Exercise instructions | Both the line below containing "DuroMax XP13000EH 13,000-Watt" and the line containing "Santa Hat Toronto", along with every line between them, should be repeated exactly; no other line belongs in the answer.

(Caption-style text data)
▬▬▬

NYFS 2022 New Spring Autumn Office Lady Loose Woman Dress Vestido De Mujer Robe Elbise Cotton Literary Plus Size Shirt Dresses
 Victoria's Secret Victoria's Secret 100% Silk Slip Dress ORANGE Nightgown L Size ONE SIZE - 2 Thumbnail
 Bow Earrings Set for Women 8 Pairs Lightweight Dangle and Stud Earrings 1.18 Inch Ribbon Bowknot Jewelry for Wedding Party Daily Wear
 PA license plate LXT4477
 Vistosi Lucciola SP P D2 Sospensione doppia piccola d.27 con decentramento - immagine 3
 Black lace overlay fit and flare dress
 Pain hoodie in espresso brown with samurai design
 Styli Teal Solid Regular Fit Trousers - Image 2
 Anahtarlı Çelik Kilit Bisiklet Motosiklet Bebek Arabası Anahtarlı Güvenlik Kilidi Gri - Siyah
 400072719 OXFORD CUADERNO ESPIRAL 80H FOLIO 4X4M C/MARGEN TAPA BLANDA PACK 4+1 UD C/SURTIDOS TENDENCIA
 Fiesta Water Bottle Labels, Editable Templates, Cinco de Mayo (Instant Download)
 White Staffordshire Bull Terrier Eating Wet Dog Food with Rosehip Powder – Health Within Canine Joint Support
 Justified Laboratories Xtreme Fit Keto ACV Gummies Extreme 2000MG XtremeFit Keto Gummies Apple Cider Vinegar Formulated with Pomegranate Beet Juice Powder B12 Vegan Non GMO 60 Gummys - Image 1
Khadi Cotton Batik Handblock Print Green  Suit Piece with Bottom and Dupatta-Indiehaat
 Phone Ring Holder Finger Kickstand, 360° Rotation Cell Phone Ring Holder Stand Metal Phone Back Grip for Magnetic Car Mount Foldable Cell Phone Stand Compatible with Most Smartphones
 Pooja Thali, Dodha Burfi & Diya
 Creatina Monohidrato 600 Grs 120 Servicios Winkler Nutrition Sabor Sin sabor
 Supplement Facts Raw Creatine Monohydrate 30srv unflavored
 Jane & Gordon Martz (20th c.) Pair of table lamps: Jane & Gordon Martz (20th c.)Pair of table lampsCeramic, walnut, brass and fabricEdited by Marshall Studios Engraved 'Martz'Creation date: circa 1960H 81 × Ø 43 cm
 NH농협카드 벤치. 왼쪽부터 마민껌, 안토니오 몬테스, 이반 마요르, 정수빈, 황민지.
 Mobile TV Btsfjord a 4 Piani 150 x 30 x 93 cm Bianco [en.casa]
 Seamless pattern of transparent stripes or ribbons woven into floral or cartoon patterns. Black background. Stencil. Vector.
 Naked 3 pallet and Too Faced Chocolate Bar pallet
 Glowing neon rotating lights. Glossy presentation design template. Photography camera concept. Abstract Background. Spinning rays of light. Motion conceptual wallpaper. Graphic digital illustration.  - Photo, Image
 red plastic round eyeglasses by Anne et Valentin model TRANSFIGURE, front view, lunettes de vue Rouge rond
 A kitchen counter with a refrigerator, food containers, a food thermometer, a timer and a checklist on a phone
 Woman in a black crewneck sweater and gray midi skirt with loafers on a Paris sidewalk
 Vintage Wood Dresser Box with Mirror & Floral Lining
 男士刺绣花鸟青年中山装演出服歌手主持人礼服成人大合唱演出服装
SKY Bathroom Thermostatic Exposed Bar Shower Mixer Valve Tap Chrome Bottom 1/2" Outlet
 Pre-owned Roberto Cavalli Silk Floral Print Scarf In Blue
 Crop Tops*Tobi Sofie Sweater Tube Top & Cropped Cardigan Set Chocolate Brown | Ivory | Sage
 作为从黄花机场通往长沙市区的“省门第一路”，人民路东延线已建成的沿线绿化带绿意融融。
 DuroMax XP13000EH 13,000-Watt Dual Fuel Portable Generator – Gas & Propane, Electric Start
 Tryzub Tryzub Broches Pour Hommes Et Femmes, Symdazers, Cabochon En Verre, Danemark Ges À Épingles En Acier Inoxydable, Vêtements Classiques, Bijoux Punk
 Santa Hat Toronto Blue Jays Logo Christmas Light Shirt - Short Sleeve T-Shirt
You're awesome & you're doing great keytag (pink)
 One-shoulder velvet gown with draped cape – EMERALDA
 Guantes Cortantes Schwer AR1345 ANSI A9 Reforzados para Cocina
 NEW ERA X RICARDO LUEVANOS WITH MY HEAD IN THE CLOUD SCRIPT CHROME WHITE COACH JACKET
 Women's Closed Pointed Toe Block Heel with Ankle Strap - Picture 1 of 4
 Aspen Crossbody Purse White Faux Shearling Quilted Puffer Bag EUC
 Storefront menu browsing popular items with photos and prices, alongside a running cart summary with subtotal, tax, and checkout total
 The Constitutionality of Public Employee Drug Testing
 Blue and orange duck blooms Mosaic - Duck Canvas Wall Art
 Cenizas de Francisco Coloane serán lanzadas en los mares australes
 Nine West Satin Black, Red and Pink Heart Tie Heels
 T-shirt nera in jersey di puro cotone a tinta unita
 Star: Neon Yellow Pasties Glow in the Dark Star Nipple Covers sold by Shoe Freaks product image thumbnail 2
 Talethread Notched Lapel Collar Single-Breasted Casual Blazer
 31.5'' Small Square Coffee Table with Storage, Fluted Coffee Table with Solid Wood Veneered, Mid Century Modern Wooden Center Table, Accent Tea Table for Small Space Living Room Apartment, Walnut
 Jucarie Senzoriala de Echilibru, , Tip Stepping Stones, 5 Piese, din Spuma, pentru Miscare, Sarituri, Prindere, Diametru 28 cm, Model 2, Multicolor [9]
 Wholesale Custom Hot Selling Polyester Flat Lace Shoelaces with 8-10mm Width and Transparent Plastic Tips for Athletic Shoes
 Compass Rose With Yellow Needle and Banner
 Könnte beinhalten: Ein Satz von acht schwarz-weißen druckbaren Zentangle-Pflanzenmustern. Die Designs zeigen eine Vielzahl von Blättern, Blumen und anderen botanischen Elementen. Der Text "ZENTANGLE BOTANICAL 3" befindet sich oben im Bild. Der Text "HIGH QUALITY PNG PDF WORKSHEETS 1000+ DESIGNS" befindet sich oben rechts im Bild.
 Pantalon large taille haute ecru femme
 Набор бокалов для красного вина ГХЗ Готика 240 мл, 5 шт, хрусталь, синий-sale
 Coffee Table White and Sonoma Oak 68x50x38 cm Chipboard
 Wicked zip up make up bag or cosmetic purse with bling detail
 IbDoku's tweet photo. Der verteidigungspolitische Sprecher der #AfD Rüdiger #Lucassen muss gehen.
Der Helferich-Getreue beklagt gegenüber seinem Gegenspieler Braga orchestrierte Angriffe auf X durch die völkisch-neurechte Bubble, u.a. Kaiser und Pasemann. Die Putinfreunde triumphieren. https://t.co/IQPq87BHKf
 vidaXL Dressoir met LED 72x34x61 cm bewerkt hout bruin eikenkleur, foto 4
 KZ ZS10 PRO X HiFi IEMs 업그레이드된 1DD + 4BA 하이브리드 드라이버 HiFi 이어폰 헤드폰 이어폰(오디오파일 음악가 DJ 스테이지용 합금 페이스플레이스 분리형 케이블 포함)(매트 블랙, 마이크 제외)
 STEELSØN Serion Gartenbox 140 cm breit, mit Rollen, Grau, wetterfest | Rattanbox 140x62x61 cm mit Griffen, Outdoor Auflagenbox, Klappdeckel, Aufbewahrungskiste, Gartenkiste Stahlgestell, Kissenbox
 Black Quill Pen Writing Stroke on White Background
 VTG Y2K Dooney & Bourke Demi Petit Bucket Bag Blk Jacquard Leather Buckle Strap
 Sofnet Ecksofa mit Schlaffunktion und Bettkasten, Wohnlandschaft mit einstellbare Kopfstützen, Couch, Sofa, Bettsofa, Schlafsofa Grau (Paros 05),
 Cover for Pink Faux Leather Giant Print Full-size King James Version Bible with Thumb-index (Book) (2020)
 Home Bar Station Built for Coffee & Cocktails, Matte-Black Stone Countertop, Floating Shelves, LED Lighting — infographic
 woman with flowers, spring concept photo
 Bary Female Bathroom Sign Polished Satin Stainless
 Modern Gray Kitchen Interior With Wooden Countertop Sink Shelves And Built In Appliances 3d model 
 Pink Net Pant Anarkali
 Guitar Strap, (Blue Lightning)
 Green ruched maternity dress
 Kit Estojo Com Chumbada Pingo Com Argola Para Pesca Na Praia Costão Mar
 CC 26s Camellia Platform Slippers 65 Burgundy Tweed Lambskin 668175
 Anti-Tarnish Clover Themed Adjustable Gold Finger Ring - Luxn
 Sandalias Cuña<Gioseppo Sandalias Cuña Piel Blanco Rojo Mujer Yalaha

▬▬▬

Problem solution |
 DuroMax XP13000EH 13,000-Watt Dual Fuel Portable Generator – Gas & Propane, Electric Start
 Tryzub Tryzub Broches Pour Hommes Et Femmes, Symdazers, Cabochon En Verre, Danemark Ges À Épingles En Acier Inoxydable, Vêtements Classiques, Bijoux Punk
 Santa Hat Toronto Blue Jays Logo Christmas Light Shirt - Short Sleeve T-Shirt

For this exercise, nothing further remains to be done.